Evidentemente, debemos seguir las mejores prácticas en cuanto a su operación, normas de originación prudentes, conservadoras y también que, cuando se llega a presentar un problema, formas de cobranza respetuosas, que busquen un común acuerdo entre ambas partes, son muchos componentes que se tiene en un producto de calidad, es un esfuerzo enorme, porque se debe encontrar constantemente como satisfacer las necesidades del cliente de una mejor manera, como hacerlo más digital o eficiente, que productos valoran o cuales son los beneficios que añaden valor a su vida.

Es un coctel de componentes, no uno en específico.

Tecnología para incluir

¿Cómo hacer que en las comunidades rurales los clientes adopten la banca digital?

Hay muchos beneficios para la adopción de nuevas tecnologías, más del 90 por ciento de las transacciones en el país son en efectivo, y puede ser robado, extraviado, y eso tiene costos para las personas que puedan usar el dinero en efectivo.

Si tienes mecanismos para hacer transacciones por medios digitales que sean confiables, hay un beneficio enorme en adoptar este tipo de tecnologías, lo hemos visto en la billetera móvil en Perú, una economía similar a la mexicana, con un rezago en la inclusión y con una economía basada en efectivo. Muchos de nuestros clientes allá ya operan con tecnologías móviles, han encontrado un beneficio de no manejar efectivo.

En México está esa funcionalidad con CoDi, hay que continuar los esfuerzos, dimos el año pasado el primer paso que era tener la tecnología disponible, y todo el proceso que sigue es adopción, pero para que CoDi sea tan eficiente como el efectivo, está bien que se sume la banca pero necesitamos que se sume y se genere un ecosistema más allá de la banca, tiendas de conveniencia o departamentales, que puedas hacer en comunidades remotas, tus transacciones, mediante este tipo de tecnologías.

Cuando se generan estos ecosistemas y el cliente ve un beneficio, lo adopta, nosotros sabemos que el 90 por ciento de nuestros clientes tienen teléfonos inteligentes, acceso a comunicarse vía redes sociales o servicios de mensajería, y es tal el beneficio que se usa constantemente, añade valor, lo mismo pasará con los servicios financieros, si añades valor la adopción seguirá desarrollándose.

30 años de Compartamos

Nacemos hace 30 años con el objetivo de dar oportunidades de desarrollo a personas que en ese momento no las tenían.
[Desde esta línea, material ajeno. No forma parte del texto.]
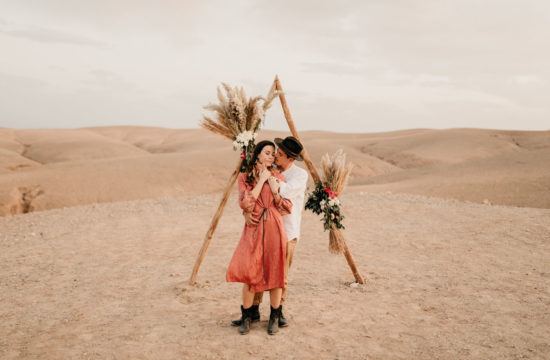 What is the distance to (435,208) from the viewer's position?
35.9 feet

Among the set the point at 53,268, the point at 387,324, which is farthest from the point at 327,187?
the point at 53,268

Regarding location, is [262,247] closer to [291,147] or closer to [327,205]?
[291,147]

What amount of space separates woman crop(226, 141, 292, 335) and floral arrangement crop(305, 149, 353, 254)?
1.38m

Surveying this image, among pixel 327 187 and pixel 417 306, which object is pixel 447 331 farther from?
pixel 327 187

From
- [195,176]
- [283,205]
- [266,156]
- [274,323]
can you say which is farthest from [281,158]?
[195,176]

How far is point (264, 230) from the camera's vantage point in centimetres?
398

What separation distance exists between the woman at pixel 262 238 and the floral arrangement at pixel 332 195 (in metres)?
1.38

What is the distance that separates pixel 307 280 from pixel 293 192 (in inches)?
93.7

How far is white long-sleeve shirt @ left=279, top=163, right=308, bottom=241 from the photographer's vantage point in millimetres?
3977

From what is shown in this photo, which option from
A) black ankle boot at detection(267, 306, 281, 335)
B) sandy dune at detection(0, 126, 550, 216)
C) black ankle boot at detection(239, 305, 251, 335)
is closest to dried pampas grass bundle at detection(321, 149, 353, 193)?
black ankle boot at detection(267, 306, 281, 335)

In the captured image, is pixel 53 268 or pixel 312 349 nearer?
pixel 312 349

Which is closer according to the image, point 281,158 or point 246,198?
point 246,198

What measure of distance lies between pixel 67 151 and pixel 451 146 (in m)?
33.5

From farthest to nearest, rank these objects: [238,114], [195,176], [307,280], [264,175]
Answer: [195,176] < [307,280] < [238,114] < [264,175] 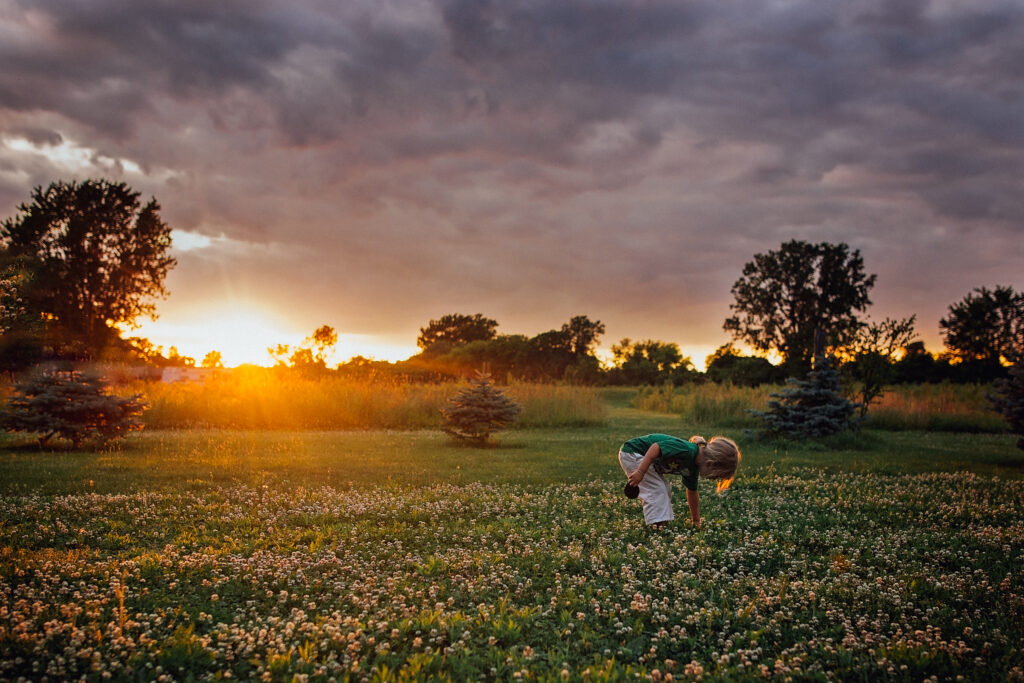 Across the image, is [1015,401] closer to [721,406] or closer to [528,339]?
[721,406]

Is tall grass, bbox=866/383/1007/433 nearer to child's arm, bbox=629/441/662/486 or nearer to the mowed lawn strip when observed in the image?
the mowed lawn strip

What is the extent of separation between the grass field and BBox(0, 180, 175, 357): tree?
44283 mm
La mejor manera de dar estas oportunidades, pensamos que es a través de proveer servicios financieros regulados, transparentes, eficientes, con mecanismos de protección al cliente, y la historia de la compañía ha girado en ese sentido.

Ese deseo nos ha llevado a pensar que erradicar la exclusión financiera era posible. Desde que nos hicimos institución financiera y hemos crecido de forma acelerada, pasando de 60 mil clientes a más de 3 millones y medio, el foco es tratar de cerrar la brecha que existe y tocar a personas que no tienen todavía servicios financieros de calidad.

Cuando vemos el impacto social que se ha generado por Compartamos Banco y por una industria que nos ha seguido, es alentador, hoy se va a comunidades en Chiapas, Oaxaca, en el sureste, el norte, a lo largo del país, y los clientes ya tienen alternativas.

Podemos decir que no son reguladas muchas, pero hoy tienen opciones para atender una necesidad que hace 10 o 15 años probablemente no tendrían, para nosotros, evidentemente, es que se ven ciertos avances, pero todavía reconocemos que hay un enorme trabajo por hacer para generar inclusión y desarrollo en el país.

Ahorita, los mensajes y el foco a temas de inclusión financiera, desde la inclusión pasada y esta, es que se le da continuidad a estos temas y lo vemos con muy buenos ojos, por la buena coordinación entre el gobierno federal, la banca y la iniciativa privada, es lo que va a poder ayudar a solucionar problemas sociales que tiene el país como la falta de inclusión financiera que tiene el país.